Heavy snow and high winds are expected to pound areas from New England to North Carolina beginning Friday evening. Blizzard Warnings have been expanded Friday and now include nearly 9 million people as of 10 a.m. Eastern.
In Massachusetts, the shopping carts are in motion at grocery stores across the state in preparation for the potentially historic storm, Boston 25 News reports. Several shoppers said they believe their buying habits formed during the pandemic have caused some to stock up on more than they actually need.
"I like to be safe rather than sorry, but I don’t like hoarding," Barry Schonwetter said. "I see a lot of people who come in and grab, grab, grab and take everything, and I don’t like that!"
However, some who have waited until the last minute are finding empty shelves.
"They’re stocking up so much where they’re not letting the other people grab the essentials they need because they’re so overwhelmed, and the panic button is on play mode," a shopper named Carlos told Boston 25.
Coastal communities are also bracing for anticipated high winds and flooding.
Jim Slane has been a Plum Island, Massachusetts, resident for 23 years and knows a thing or two about floods in the area.
Newburyport Mayor Sean Reardon said he plans to finalize storm preparations Friday morning ahead of Saturday’s nor’easter.
"We have already shut off utilities at two homes on the island in preparation for the storm and built up the sand around the stone structure, constructed in October along with the coir bags," Reardon said.
Drivers in multiple states have been asked people to stay at home and give snow plow drivers the time to clear the roads.
Pretreating is underway, not only on the main highway but the secondary roads as well, in the Annapolis, Maryland, area.
Ocean City, Maryland, may get up to a foot of snow FOX 5 reports. City officials there are asking residents not to park on the side streets to keep them clear for the snow-plow work that will need to be done.
Prince George's County Schools are also letting out two hours early Friday.

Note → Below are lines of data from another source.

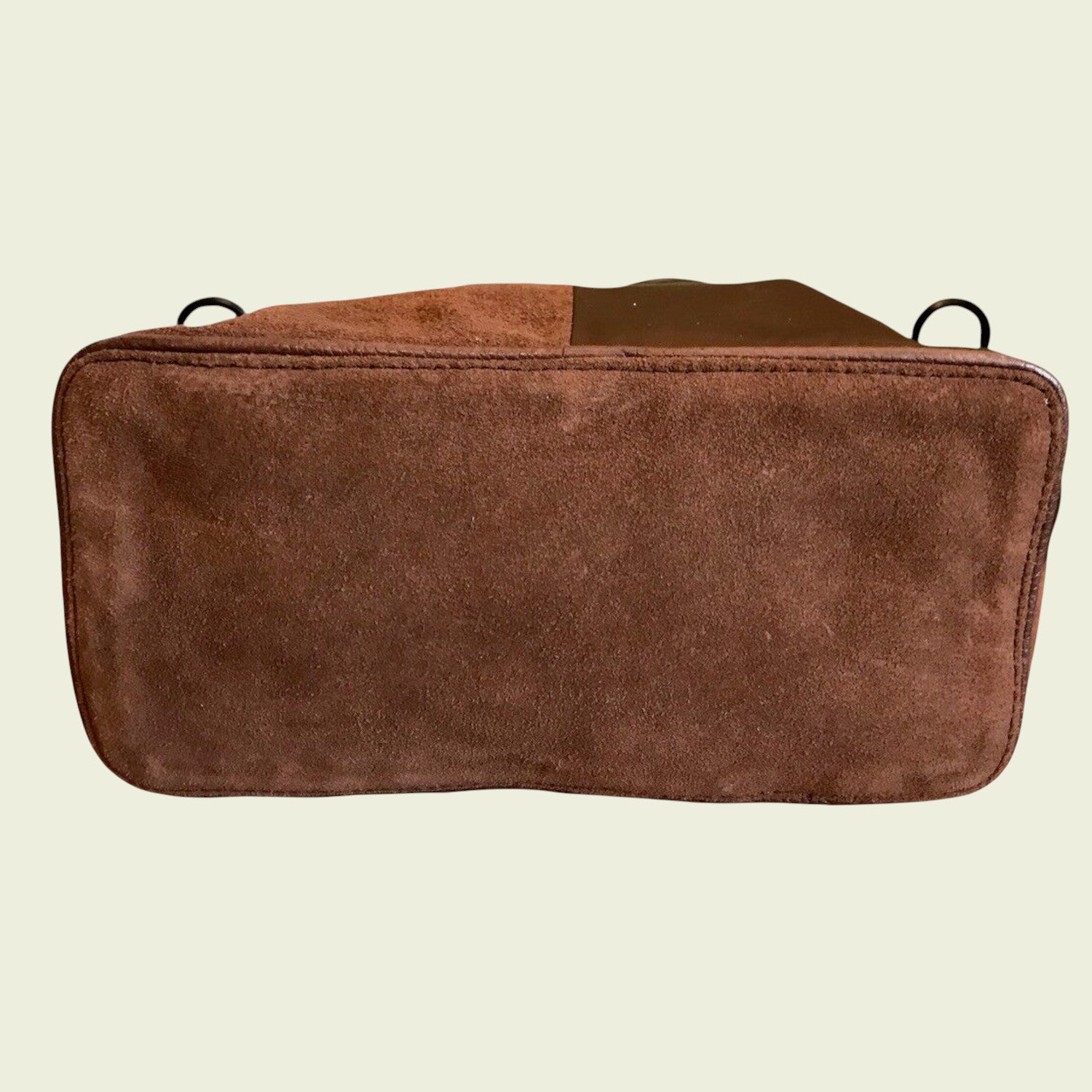 Bottom of brown leather bag on a beige background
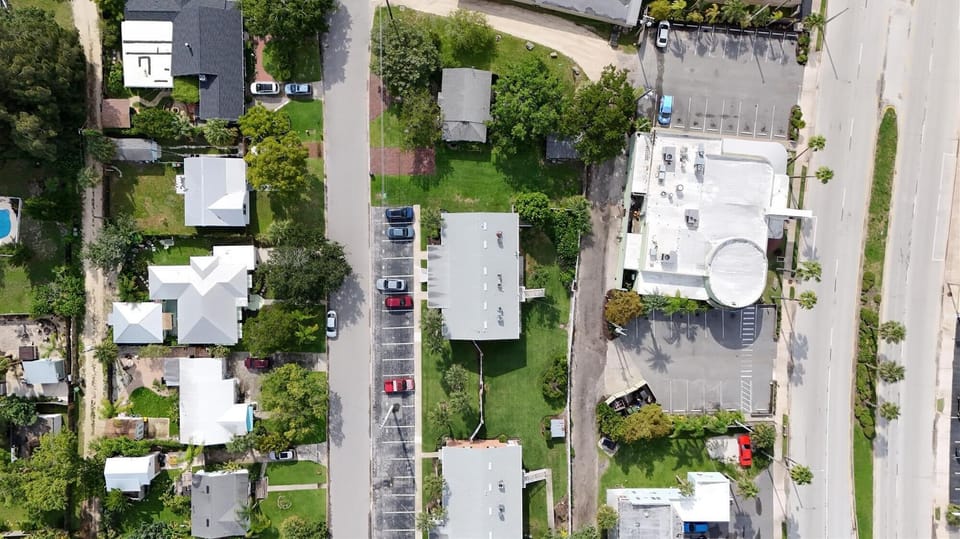 - Top-down aerial shot showing layout of building and parking lot  
- Convenient parking spaces available directly next to the units  
- Easy access to local shops and dining just minutes from the property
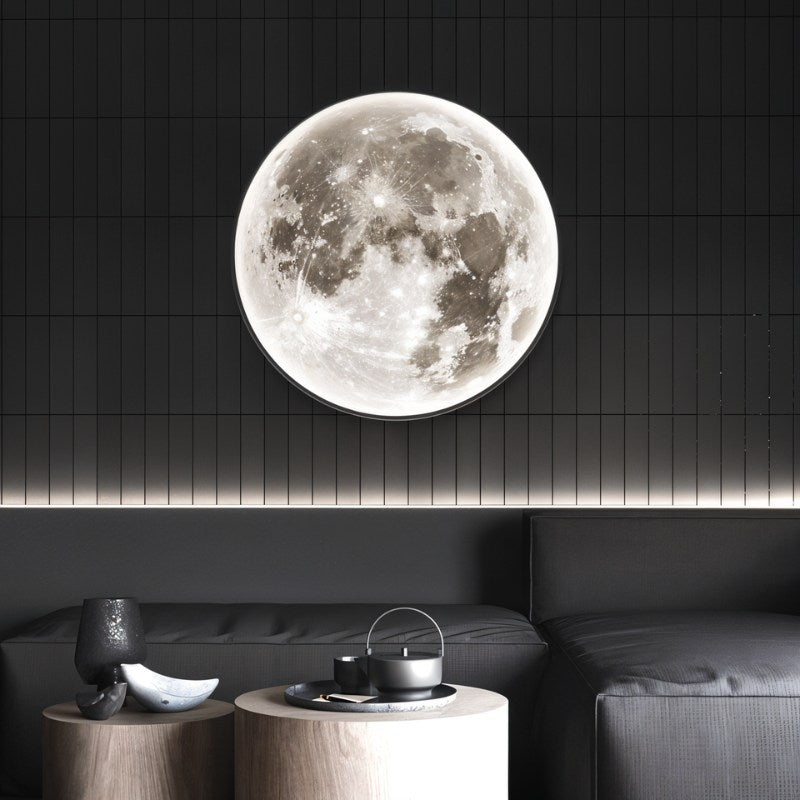 Clérachic large moon-face disc light with a black edge, mounted on a dark tiled wall above a charcoal sofa and wooden tables.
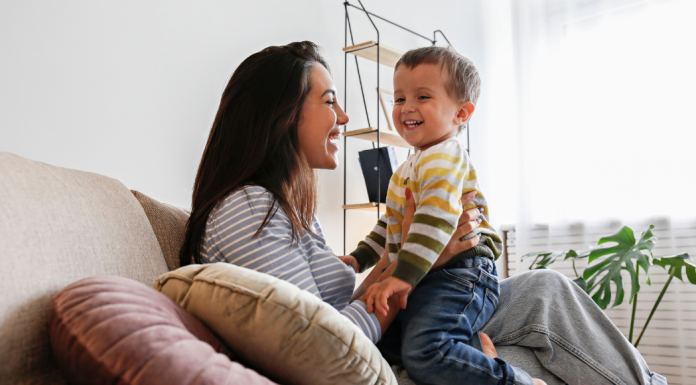 A mom holding a toddler on the couch.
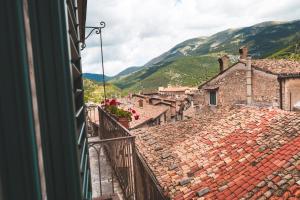 a view from a window of a town with roofs at Il Palazzo in Scanno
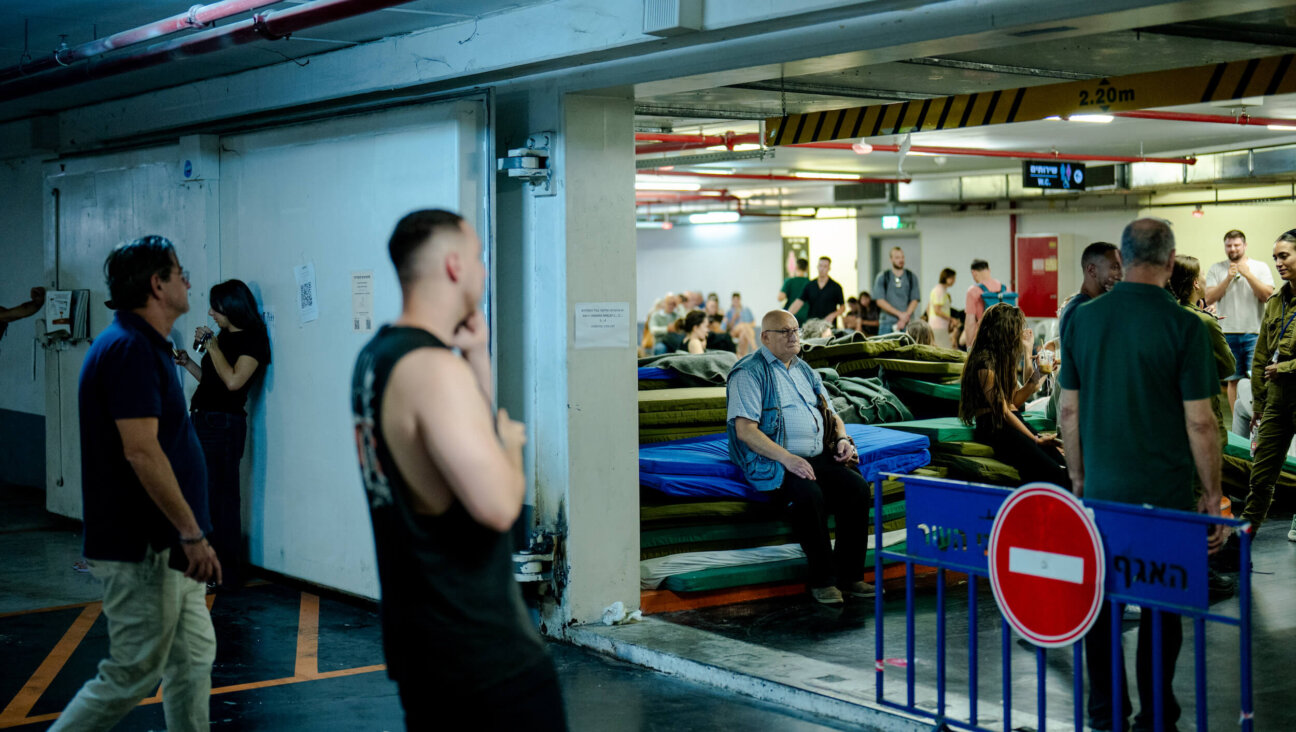 Israelis seek shelter underground in Tel Aviv on June 8, as Iran and Israel once again traded attacks.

Utility companies are also prepared for the nor’easter.
Public Service Electric & Gas Co. in New Jersey said they are prepared for the strong winds and heavy snow that may hit the service area and possibly cause severe damage.
Depending on how the storm tracks, forecasts in the area call for 4 to 8 inches and snow accumulations could reach 10 inches in parts of New Jersey. Possible wind gusts of up to 45 mph could break tree limbs, pull down wires and cause outages.
"We continue to monitor the weather, our employees are performing system checks and we have personnel on hand prepping for potential outages," said Jack Bridges, vice president of electric operations for PSE&G.
While forecasts vary, some models predict severe damage, Bridges said, he encourages everyone to stay informed and be prepared.